## Goal of the exercise
The answer should contain only the lines from the beginning of the entries through the line that holds "Pantuflas peludas para", given again exactly, with no pictures.
+++ Exercise data +++
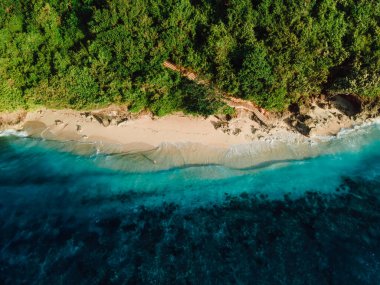 Tropical beach with tropical ocean in Bali. Aerial view of Green bowl beach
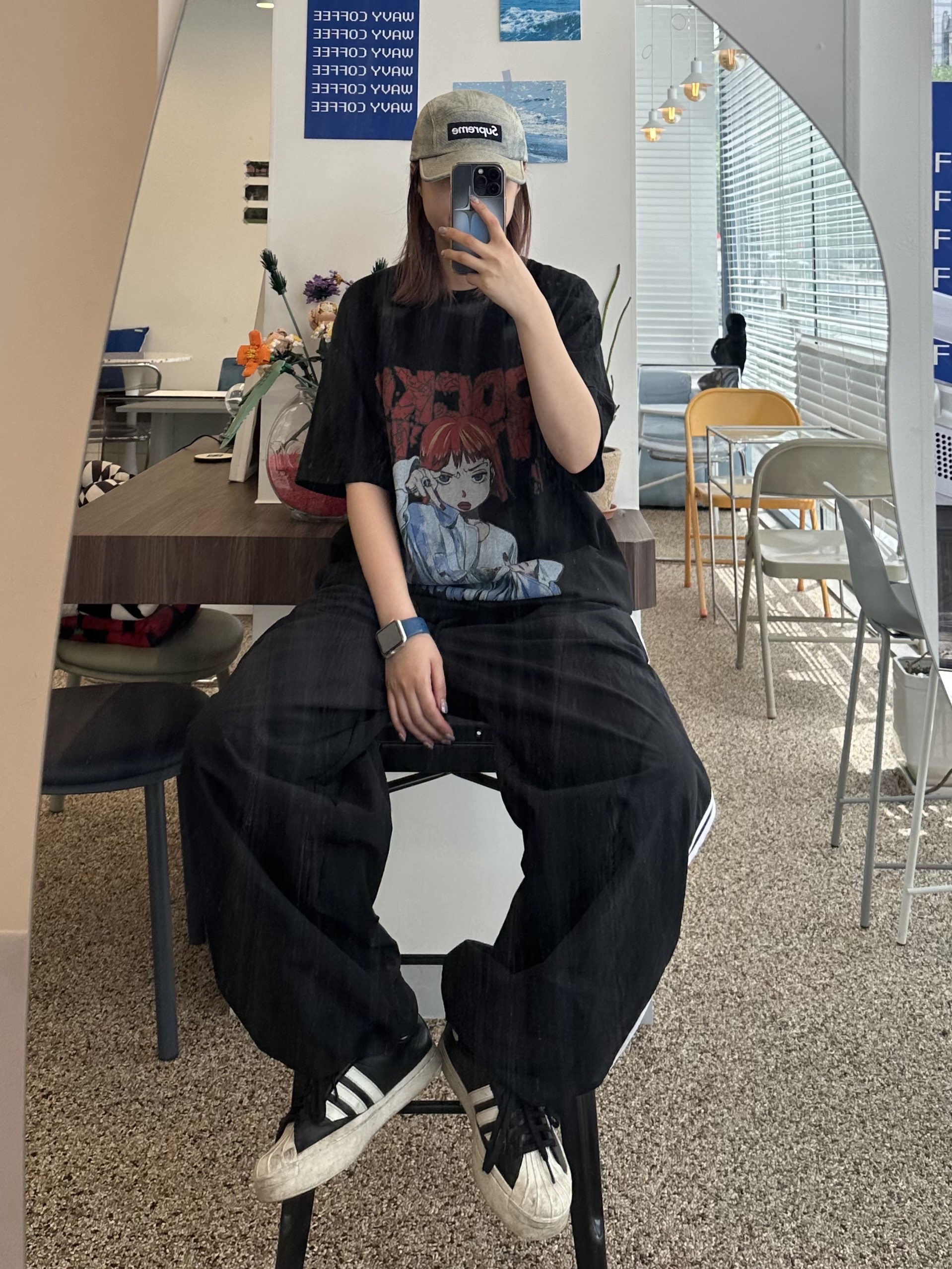 Y-3 Yohji Star Black White, Supreme Denim Camp Cap Dirty Indigo - 23SS 착용 스타일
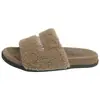 Pantuflas peludas para mujer para usar en exteriores, moda de verano, nuevas vintage versátiles de lana de cordero casual de una línea con letras peludas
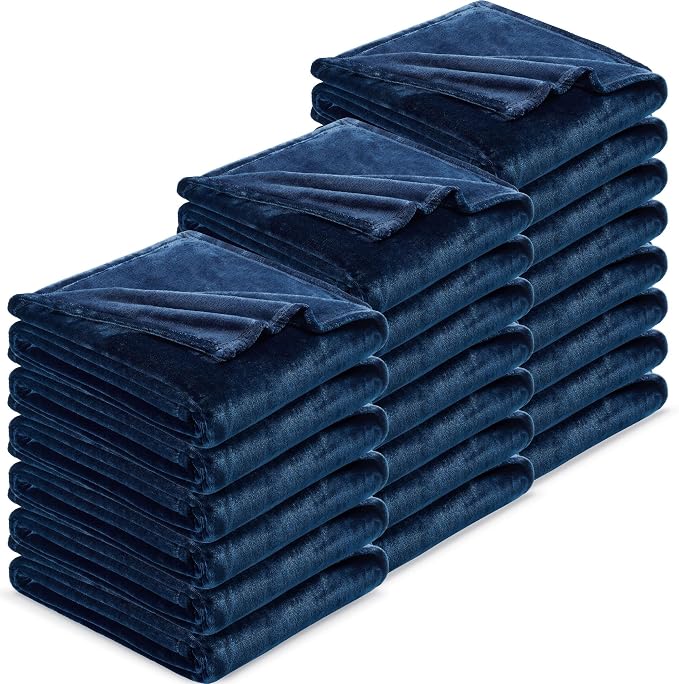 DREAMNINE Pack of 21 Fuzzy Soft Fleece Throw Blanket for Couch Sofa 50" x 60", Decorative Solid Lightweight Velvet Blankets for Chair, Cozy Accent Shaggy Plush Flannel Blanket for Bedroom, Navy Blue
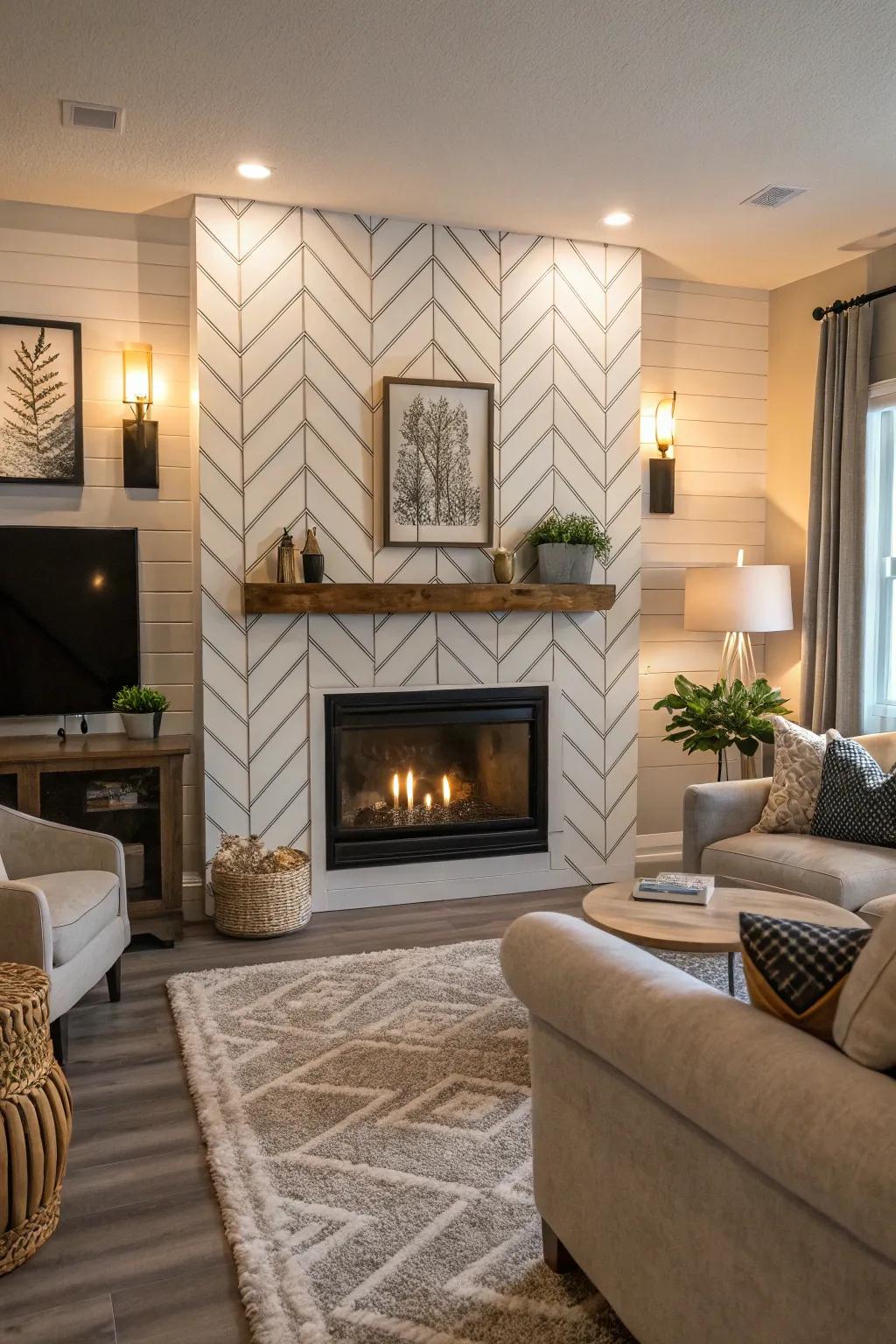 Chevron patterns introduce a contemporary inflection to traditional planking.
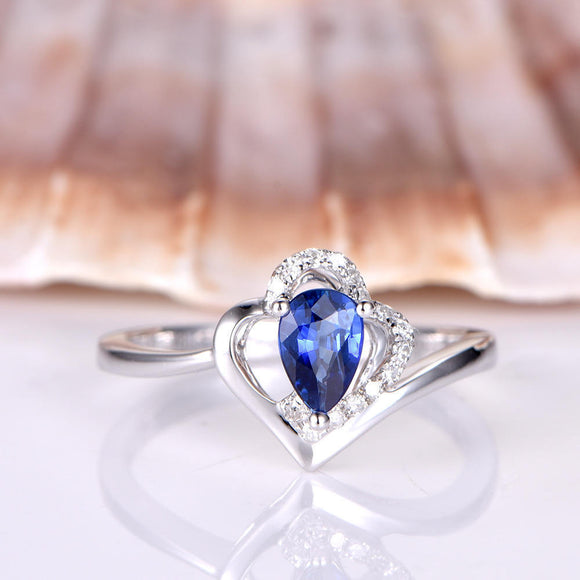 2ct Pear Cut Blue Tanzanite Unique Promise Engagement Ring 14k White Gold Finish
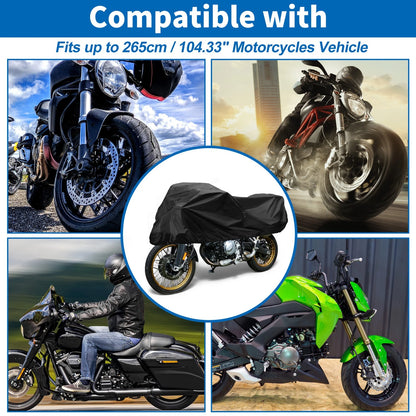 Motorcycle Cover Waterproof Half Cover 420D PU Black 104.33x41.34x25.59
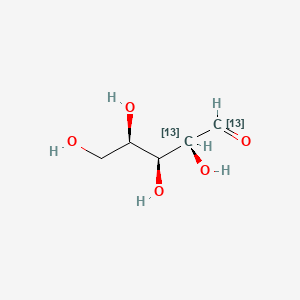 molecular formula C5H10O5 B13350945 (2S,3S,4R)-2,3,4,5-tetrahydroxy(1,2-13C2)pentanal 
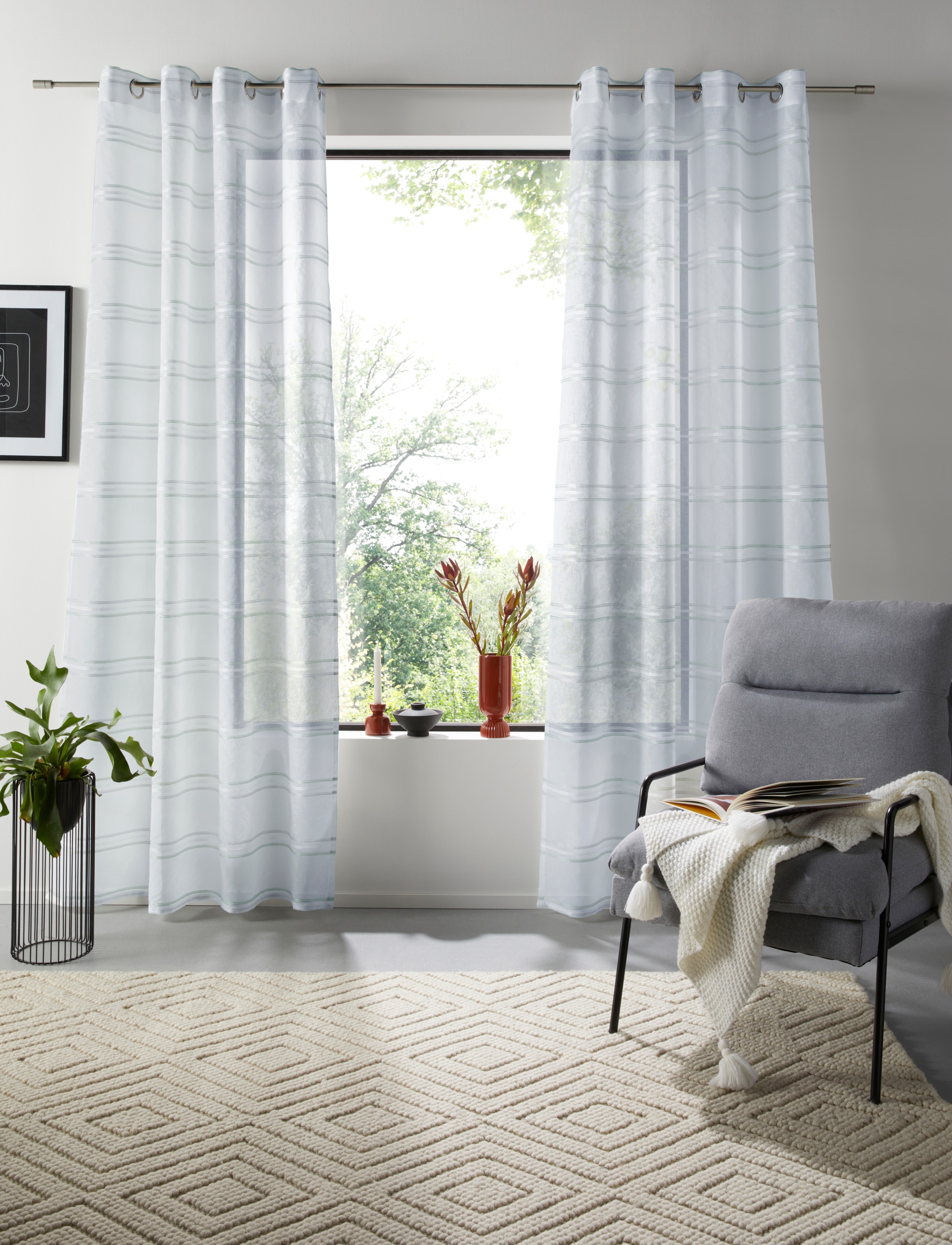 GOODproduct Gardine »Sirii« Ösen 1 Stk. tlg. Halbtransparent, angenehme Haptik, mit Streifen, modern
+++
## Response area
 Tropical beach with tropical ocean in Bali. Aerial view of Green bowl beach
 Y-3 Yohji Star Black White, Supreme Denim Camp Cap Dirty Indigo - 23SS 착용 스타일
 Pantuflas peludas para mujer para usar en exteriores, moda de verano, nuevas vintage versátiles de lana de cordero casual de una línea con letras peludas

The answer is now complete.